En 1945, une série de livres apparaîtra, dans laquelle Henri Lefebvre étudiera les philosophes comme Descartes, Diderot, Pascal, Rabelais, Musset. Lors de ma réflexion sur les raisons de telles recherches, j’ai perçu dans le choix de ces auteurs une volonté pour H. Lefebvre de connaître les fondements des mouvements qui ont vu le jour dans l’histoire. Ainsi, Descartes s’est consacré à la métaphysique, Diderot à la naissance du matérialisme, Pascal au mouvement du jansénisme, puis Rabelais à la place de l’humanisme, et Musset à la tragédie. Pour Henri Lefebvre, il est important de se construire des réflexions dialectiques qui entrent dans le mouvement de l’histoire et qui évoluent avec le présent dans un devenir qui sera la synthèse entre le passé et le présent.

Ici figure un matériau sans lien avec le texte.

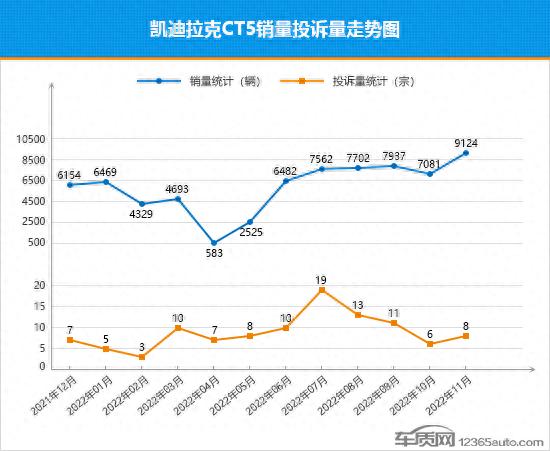 2022年11月TOP30轿车销量投诉量对应点评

Le contexte, dans lequel Descartes fut écrit, débute par la lecture d’un livre édité en 1946 par les presses du Parti. La thèse s’inscrit dans une affirmation que le matérialisme cartésien est une idéologie. « Le matérialisme cartésien, dont Mme Cécile Angrand a dressé le tableau énergique et trop précis, semble une interprétation tout aussi justifiée (et même un peu plus) que les autres. Et cependant il est gênant de biffer d’un trait de plume une série de textes allant en sens contraire. Le seul fait de rejeter au second plan, comme accessoires ou illusoires, un certain nombre d’affirmations du philosophe, montre que l’on a affaire ici encore, à une exégèse qui reclasse et distribue les textes en essentiels et inessentiels, suivant les exigences d’une interprétation (H. Lefebvre, 1947d, p. 9)». Pour lui, il ne faut pas dénaturer le sens de l’histoire et de l’évolution de la recherche. Ce que Descartes pensait à son époque, a permis l’évolution actuelle, « En philosophie, comme dans le journalisme, il y a une actualité ; elle est seulement plus lente, plus morne ; l’air des salles de cours se renouvelle plus rarement que celui des salles de rédaction ; et cependant le mouvement est le même : autant de superficialité, de faux brillant et de paradoxes momentanés (H. Lefebvre, 1947d, p. 11) ». Ce livre a pour objectif de redonner sa place au matérialisme cartésien et de trouver un critère objectif : «l’histoire de la philosophie ne peut s’écrire que comme un chapitre d’une histoire générale de la culture, des idées et de la connaissance. Et cette histoire ne peut être qu’une histoire sociale des idées, reliée à la critique sociale des idées (H. Lefebvre, 1947d, p. 18) ». H. Lefebvre souhaite démontrer que pour comprendre Descartes, il faut comprendre aussi le contexte historique dans lequel il inscrit son matérialisme. Ce livre permet de redonner sens au contexte. « Personne ne prétend plus aujourd’hui exposer ou expliquer une pensée hors de toute relation dans le temps et l’espace, mais beaucoup font encore «comme si» c’était possible ! Il importe maintenant d’aller plus loin, d’approfondir la conscience naissante de l’histoire réelle des idées (H. Lefebvre, 1947d, p. 30)».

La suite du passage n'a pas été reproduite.